→ **What is needed**
The job is to find each line of the records below that includes the word "with" and copy it.

→ **Task input**
=== Begin Enclosure ===

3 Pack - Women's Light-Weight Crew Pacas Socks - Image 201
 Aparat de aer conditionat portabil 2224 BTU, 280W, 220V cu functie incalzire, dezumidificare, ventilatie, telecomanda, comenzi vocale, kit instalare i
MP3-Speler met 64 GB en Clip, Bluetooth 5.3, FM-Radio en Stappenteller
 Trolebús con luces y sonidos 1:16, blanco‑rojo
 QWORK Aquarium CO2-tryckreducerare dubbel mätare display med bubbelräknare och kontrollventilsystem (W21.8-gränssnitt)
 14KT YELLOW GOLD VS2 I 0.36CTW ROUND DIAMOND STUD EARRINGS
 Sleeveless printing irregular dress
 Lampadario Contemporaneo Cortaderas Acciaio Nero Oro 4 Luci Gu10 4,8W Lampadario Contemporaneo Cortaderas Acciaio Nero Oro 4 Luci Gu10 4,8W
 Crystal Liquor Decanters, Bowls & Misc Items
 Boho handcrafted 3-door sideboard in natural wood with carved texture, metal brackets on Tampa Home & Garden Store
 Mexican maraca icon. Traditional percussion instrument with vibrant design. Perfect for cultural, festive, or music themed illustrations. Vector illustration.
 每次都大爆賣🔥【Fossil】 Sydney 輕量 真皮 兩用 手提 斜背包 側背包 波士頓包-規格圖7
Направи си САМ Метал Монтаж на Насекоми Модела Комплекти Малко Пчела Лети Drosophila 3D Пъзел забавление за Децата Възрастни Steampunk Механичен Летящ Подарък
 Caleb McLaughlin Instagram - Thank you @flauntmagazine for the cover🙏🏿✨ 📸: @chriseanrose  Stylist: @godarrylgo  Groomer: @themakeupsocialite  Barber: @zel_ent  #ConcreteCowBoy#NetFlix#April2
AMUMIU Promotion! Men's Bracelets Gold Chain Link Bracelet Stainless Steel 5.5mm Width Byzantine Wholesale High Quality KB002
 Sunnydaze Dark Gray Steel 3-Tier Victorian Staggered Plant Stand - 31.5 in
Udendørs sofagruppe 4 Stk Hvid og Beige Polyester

=== End Enclosure ===

→ **Answer for this exercise**
 Boho handcrafted 3-door sideboard in natural wood with carved texture, metal brackets on Tampa Home & Garden Store
 Mexican maraca icon. Traditional percussion instrument with vibrant design. Perfect for cultural, festive, or music themed illustrations. Vector illustration.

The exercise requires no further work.